| Assignment |
Return exactly the lines below, starting with the one that has "Cartoon Cute minimalist" and going on through the one that has "Awaken handmade citrus".

■ ■ ■ ■ ■

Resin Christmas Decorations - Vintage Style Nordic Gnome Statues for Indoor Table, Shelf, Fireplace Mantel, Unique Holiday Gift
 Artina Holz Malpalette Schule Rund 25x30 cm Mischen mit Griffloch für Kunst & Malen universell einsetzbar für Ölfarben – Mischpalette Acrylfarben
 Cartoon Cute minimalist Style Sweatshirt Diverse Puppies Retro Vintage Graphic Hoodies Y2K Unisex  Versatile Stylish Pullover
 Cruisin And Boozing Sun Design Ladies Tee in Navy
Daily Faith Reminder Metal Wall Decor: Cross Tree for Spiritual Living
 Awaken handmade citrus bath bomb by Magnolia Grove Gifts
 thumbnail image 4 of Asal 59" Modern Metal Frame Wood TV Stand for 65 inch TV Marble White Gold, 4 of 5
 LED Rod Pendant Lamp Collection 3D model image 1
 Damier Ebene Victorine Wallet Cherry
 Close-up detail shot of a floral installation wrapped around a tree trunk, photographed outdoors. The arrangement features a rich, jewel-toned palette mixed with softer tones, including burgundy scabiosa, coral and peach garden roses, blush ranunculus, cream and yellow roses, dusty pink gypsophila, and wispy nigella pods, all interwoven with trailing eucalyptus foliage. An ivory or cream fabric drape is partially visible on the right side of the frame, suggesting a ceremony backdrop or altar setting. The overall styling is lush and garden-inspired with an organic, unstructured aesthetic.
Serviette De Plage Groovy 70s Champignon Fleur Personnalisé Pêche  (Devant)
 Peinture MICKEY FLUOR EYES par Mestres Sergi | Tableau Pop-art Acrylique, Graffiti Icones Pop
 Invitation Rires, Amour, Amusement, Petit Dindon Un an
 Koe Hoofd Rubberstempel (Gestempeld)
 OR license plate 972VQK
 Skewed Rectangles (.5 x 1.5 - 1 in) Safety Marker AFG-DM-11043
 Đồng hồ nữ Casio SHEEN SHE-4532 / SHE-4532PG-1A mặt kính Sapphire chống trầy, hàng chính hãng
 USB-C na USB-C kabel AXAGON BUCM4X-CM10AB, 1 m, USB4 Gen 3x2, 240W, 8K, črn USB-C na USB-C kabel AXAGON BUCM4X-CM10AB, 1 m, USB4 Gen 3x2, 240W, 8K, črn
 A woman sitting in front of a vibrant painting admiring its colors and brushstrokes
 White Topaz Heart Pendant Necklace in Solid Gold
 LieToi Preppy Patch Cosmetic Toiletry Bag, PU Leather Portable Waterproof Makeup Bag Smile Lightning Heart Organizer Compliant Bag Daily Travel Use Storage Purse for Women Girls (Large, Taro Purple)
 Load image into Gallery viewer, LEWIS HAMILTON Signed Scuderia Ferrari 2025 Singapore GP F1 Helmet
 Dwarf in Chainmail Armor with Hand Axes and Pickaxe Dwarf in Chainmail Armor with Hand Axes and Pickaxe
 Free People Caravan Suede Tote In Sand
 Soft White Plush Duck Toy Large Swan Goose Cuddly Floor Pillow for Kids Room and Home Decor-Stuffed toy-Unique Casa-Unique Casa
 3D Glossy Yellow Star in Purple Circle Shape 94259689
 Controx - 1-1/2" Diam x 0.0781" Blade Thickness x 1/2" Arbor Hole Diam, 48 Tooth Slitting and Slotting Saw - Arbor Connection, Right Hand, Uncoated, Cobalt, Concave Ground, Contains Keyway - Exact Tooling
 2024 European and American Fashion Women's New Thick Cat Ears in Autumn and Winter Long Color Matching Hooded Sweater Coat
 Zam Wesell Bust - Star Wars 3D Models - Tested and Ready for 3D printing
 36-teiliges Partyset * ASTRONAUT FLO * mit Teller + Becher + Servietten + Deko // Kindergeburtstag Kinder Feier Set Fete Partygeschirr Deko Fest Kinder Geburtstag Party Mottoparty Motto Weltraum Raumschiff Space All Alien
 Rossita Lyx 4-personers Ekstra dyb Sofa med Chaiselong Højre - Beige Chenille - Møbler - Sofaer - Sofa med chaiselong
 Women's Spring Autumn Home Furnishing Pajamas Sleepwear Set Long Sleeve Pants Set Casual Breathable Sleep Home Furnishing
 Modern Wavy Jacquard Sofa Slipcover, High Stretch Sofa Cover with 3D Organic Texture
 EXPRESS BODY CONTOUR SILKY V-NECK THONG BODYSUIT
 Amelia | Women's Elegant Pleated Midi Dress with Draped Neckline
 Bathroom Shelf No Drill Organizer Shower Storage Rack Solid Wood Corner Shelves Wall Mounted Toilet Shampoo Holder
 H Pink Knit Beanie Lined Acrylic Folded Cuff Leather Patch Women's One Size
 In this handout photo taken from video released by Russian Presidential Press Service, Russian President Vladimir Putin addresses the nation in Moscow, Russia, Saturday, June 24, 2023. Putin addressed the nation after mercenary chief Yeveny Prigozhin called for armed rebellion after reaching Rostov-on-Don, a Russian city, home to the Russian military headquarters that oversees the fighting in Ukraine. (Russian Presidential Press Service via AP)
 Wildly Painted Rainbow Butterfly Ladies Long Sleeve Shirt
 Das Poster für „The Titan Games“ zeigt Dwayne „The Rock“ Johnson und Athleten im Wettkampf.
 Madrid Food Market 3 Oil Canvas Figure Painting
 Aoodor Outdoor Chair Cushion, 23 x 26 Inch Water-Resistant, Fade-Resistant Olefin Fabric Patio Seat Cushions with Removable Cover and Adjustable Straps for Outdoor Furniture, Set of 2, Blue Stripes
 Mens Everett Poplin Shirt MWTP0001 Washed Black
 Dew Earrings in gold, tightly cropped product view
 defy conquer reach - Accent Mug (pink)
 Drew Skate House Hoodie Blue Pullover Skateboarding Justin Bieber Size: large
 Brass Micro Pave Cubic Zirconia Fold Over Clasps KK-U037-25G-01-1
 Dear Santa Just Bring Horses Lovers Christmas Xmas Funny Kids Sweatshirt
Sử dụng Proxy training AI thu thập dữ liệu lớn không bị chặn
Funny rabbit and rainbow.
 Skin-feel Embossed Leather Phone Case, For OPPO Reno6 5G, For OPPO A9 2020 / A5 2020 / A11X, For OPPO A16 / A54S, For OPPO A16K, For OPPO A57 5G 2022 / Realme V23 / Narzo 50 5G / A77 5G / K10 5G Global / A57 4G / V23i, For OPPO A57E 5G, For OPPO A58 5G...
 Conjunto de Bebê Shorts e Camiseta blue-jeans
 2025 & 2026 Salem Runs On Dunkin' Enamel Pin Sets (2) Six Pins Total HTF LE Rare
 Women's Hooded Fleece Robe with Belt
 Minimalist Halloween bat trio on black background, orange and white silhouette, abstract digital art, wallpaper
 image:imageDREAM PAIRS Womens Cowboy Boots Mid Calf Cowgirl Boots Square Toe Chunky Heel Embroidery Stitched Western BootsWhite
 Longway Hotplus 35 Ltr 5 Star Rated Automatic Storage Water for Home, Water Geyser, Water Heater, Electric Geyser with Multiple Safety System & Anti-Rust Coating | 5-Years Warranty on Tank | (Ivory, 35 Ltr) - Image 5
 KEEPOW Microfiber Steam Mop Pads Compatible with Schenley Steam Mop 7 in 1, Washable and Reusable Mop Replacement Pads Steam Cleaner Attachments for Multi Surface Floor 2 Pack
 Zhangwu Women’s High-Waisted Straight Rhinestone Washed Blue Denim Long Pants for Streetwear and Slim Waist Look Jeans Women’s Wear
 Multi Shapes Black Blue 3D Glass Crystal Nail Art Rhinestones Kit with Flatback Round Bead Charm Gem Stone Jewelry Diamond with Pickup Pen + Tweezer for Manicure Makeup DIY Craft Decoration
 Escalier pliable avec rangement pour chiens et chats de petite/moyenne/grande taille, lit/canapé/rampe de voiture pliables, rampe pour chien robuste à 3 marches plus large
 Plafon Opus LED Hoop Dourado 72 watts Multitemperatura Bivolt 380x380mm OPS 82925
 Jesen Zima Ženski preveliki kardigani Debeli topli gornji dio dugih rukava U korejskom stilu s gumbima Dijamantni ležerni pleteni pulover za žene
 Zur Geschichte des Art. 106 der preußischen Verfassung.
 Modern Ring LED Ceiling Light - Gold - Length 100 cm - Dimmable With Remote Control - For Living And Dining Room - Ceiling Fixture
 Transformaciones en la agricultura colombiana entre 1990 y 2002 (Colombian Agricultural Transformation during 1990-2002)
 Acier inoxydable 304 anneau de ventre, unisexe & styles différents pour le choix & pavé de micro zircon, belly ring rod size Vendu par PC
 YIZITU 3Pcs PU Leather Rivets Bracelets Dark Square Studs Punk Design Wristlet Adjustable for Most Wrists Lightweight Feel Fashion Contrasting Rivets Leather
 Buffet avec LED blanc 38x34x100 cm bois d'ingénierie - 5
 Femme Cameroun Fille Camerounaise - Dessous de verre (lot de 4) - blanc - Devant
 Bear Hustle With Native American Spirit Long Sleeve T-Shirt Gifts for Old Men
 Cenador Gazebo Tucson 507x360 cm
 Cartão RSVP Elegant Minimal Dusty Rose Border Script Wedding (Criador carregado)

■ ■ ■ ■ ■

| Response box |
 Cartoon Cute minimalist Style Sweatshirt Diverse Puppies Retro Vintage Graphic Hoodies Y2K Unisex  Versatile Stylish Pullover
 Cruisin And Boozing Sun Design Ladies Tee in Navy
Daily Faith Reminder Metal Wall Decor: Cross Tree for Spiritual Living
 Awaken handmade citrus bath bomb by Magnolia Grove Gifts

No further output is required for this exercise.